Texte : Avec Gogol, essai sur l’inconsistance, par Lucian Raïcu, éditions de L’Âge d’Homme, collection Slavica, traduit du roumain par Odile Serre.
Il existe une particularité de la « cellule »
gogolienne qui éclaire une particularité constitutive du nombre de ses
personnages et que nous retrouvons au niveau stylistique : une angoisse du
changement, une incapacité à rester longtemps quelque part, une impulsion de
départ, une attirance mystérieuse pour l’espace rapidement parcouru, comme en
volant, pour les « lointains. »
Tchitchikov sillonne d’immenses espaces, Khletsakov
« se met en route » pour on ne sait où. Tarass Boulba est un nomade
typique. Enfin, la plume de Gogol court sur le papier, ignorant toujours où
elle va, mais avec un élan initial extraordinaire. Ce mouvement est ancré ans
la structure gogolienne et nous le retrouvons dans une de ses formes les plus
visibles, dans la biographie agitée d’incessants départs et retours de
l’écrivain.
Gogol lycée attend Pétersbourg à grand-peine mais s’y
ennuie une fois arrivé, aspire à autre chose, part pour un premier voyage
inexplicable en mer Baltique, vers les villes allemandes, puis revient, part de
nouveau, enfin est agité sans cesse par une « Wanderlust. »

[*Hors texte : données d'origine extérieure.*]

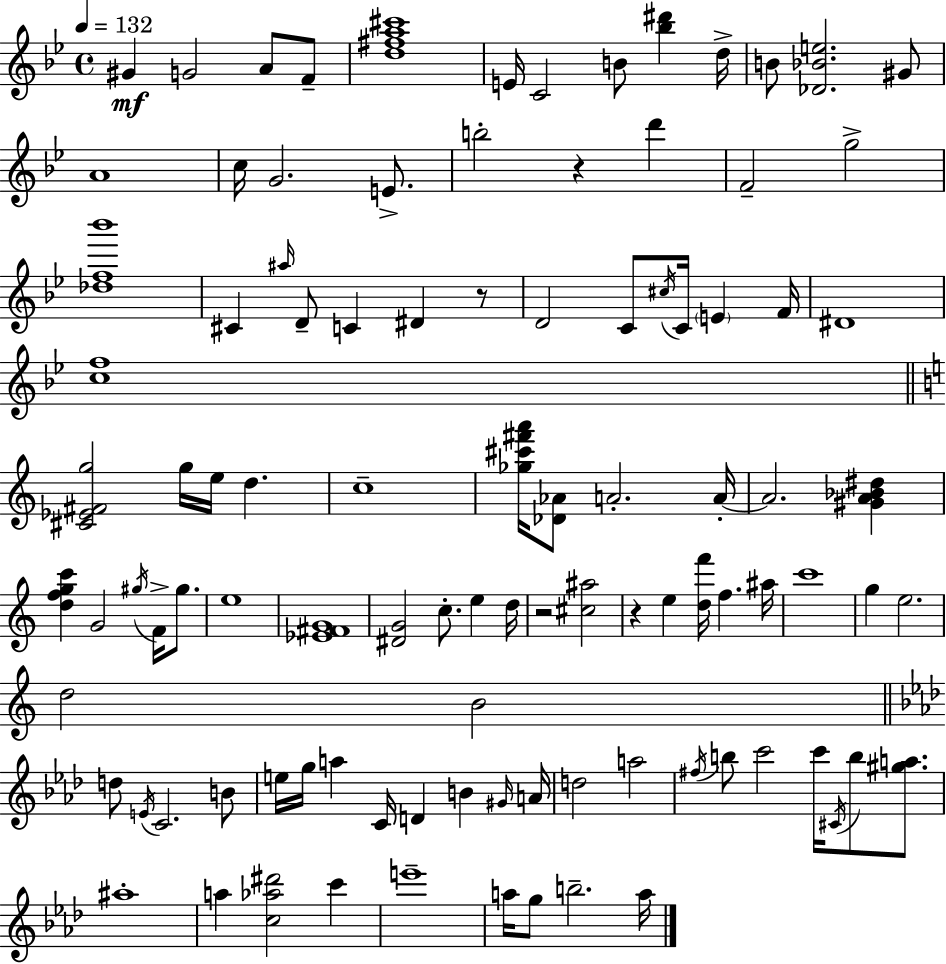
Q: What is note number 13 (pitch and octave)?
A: G4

Dans sa confession, lorsqu’il cherche à s’en expliquer, il accentue le mystère
qui entoure cette angoisse de l’espace, de la vitesse, des départs fréquents.
« Je n’ai jamais non plus ressenti la curiosité
inconsciente dont est dévoré le jeune homme, avide d’impressions. Mais, chose
étrange, même pendant mon enfance, même sur les bancs de l’école, même à une
époque où je ne rêvais que d’entrer au service de l’État, et non de faire
carrière dans les lettres, il m’a toujours semblé que m’attendait je ne sais
quel grand sacrifice de ma personne et que j’aurais précisément, pour me mettre
au service de ma patrie, à parfaire mon éducation quelque part loin d’elle.
J’ignorais comment cela se produirait et pourquoi il le
faudrait ; je n’y réfléchissais même pas, mais je me représentais si
vivement moi-même dans quelque terre étrangère, languissant après ma patrie, et
ce tableau me poursuivait. Si forte en moi était cette attirance involontaire
qu’il ne s’était pas écoulé cinq mois depuis mon arrivé à Saint-Pétersbourg que
je m’étais déjà embarqué, incapable de résister à un sentiment que je
n’arrivais pas moi-même à comprendre. »
La couleur gogolienne dominante est le gris ; mais
un gris qui s’anime à l’improviste, en découvrant des dizaines de facettes sans
cesse en fantastique ébullition. Quelle vie ont ces paysages morts dans l’œuvre
de Gogol ! Le Nord grisâtre retrouve l’effervescence d’un Sud ardent.